It was fortunate for the particular
objects of our expedition that, go where we would
in this country, the monuments of its ancient inhabitants
were before our eyes. Near the village of Ticul,
almost in the suburbs, are the ruins of another ancient
and unknown city. From the time of our arrival
the memorials of it had been staring us in the face.
The cura had some sculptured stones of new and
exceedingly pretty design; and heads, vases, and other
relics, found in excavating the ruins, were fixed
in the fronts of houses as ornaments. My first
stroll with the cura was to these ruins.
At the end of a long street leading
out beyond the campo santo we turned to
the right by a narrow path, overgrown with bushes covered
with wild flowers, and on which birds of beautiful
plumage were sitting, but so infested with garrapatas
that we had to keep brushing them off continually
with the bough of a tree.
This path led us to the hacienda of
San Francisco, the property of a gentleman of the
village, who had reared the walls of a large building,
but had never finished it. There were fine shade
trees, and the appearance of the place was rural and
picturesque, but it was unhealthy. The deep green
foliage was impregnated with the seeds of death.
The proprietor never visited it except in the daytime,
and the Indians who worked on the milpas returned
to the village at night.
A short distance in the rear of the
hacienda were the ruins of another city, desolate
and overgrown, having no name except that of the hacienda
on which they stand. At this time a great part
of the city was completely hidden by the thick foliage
of the trees. Near by, however, several mounds
were in full sight, dilapidated, and having fragments
of walls on the top. We ascended the highest,
which commanded a magnificent view of the great wooded
plain, and at a distance the towers of the church
of Ticul rising darkly above. The cura told
me that in the dry season, when the trees were bare
of foliage, he had counted from this point thirty-six
mounds, every one of which had once held aloft a building
or temple, and not one now remained entire. In
the great waste of ruins it was impossible to form
any idea of what the place had been, except from its
vastness and the specimens of sculptured stone seen
in the village, but beyond doubt it was of the same
character as Uxmal, and erected by the same people.

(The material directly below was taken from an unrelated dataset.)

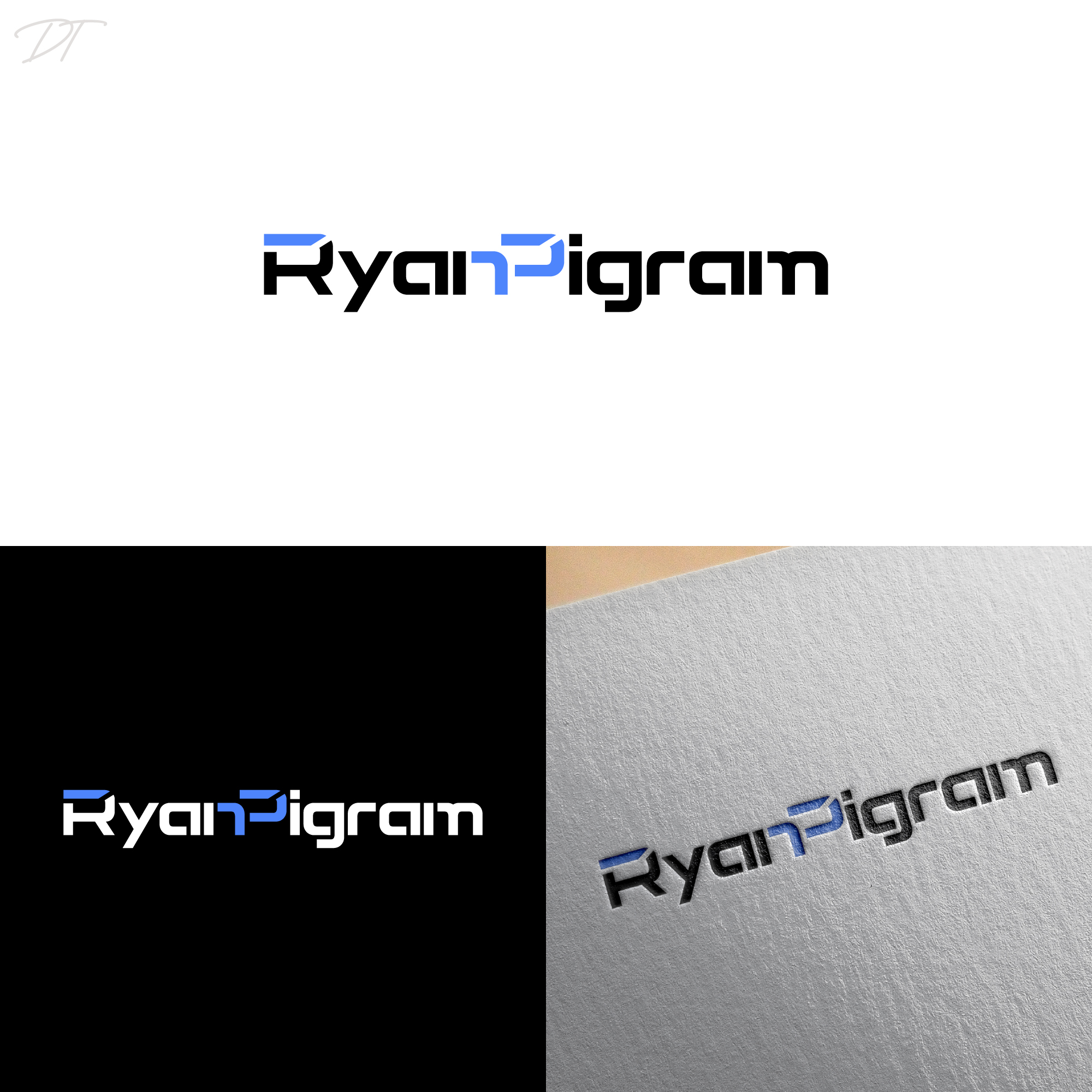 Logo Design by Talha Ahmad for this project | Design #36428965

Its vicinity to the village had made its destruction
more complete. For generations it had served
as a mere quarry to furnish the inhabitants with building-stone.

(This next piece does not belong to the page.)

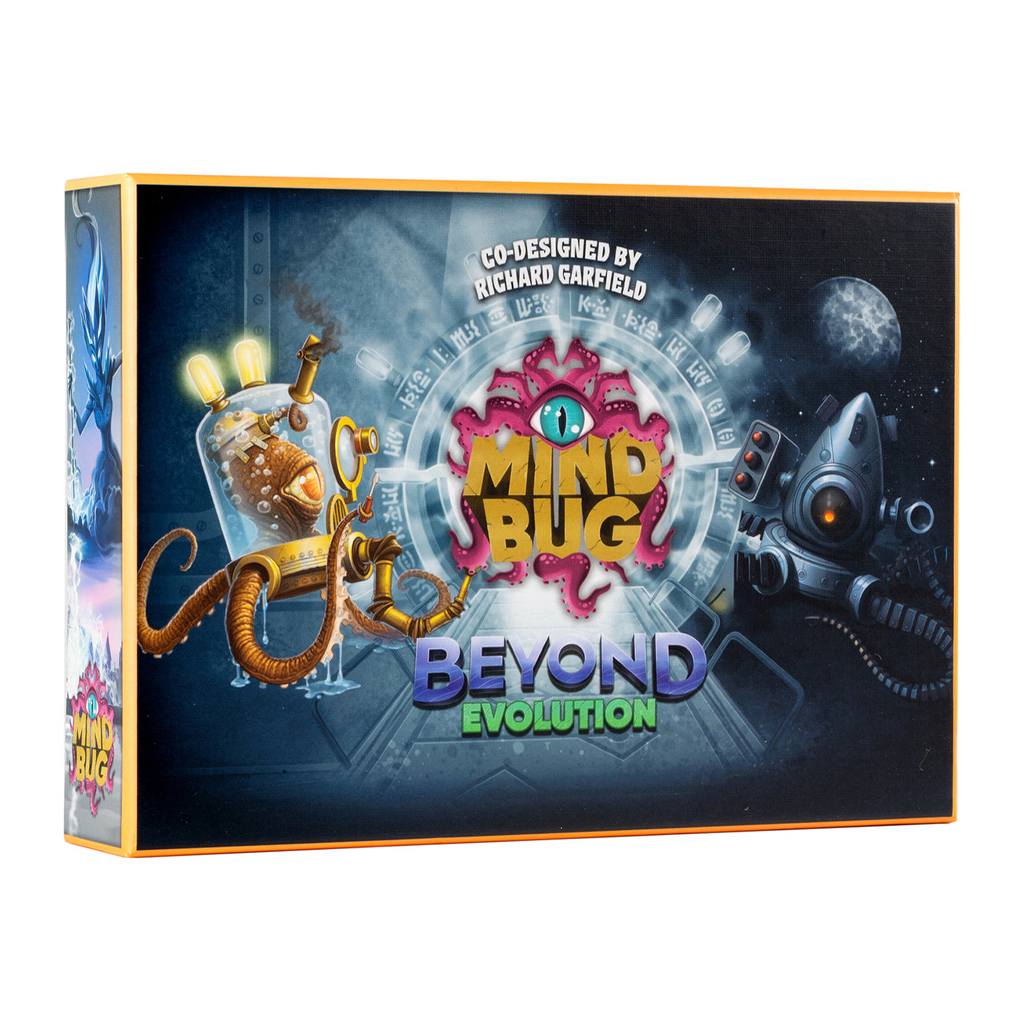 Mindbug: Beyond Evolution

The present proprietor was then excavating and selling,
and he lamented to me that the piedra labrada,
or worked stone, was nearly exhausted, and his profit
from this source cut off.
A few words toward identifying these
ruins. The plan for reducing Yucatan was to send
a small number of Spaniards, who were called vecinos
(the name still used to designate the white population),
into the Indian towns and villages where it was thought
advisable to make settlements. We have clear
and authentic accounts of the existence of a large
Indian town called Ticul, certainly in the same neighbourhood
where the Spanish village of that name now stands.
It must have been either on the site now occupied
by the latter, or on that occupied by the ruins of
San Francisco. Supposing the first supposition
to be correct, not a single vestige of the Indian
city remains. Now it is incontestible that the
Spaniards found in the Indian towns of Yucatan, mounds,
temples, and other large buildings of stone. If
those on the hacienda of San Francisco are of older
date, and the work of races who have passed away,
as vast remains of them still exist, though subject
to the same destroying causes, why has every trace
of the stone buildings in the Indian city disappeared?
And it appears in every page of the
history of the Spanish conquest, that the Spaniards
never attempted to occupy the houses and villages of
the Indians as they stood. Their habits of life
were inconsistent with such occupation, and, besides,
their policy was to desolate and destroy them, and
build up others after their own style and manner.
It is not likely that at the early epoch at which
they are known to have gone to Ticul, with their small
numbers, they would have undertaken to demolish the
whole Indian town, and build their own upon its ruins.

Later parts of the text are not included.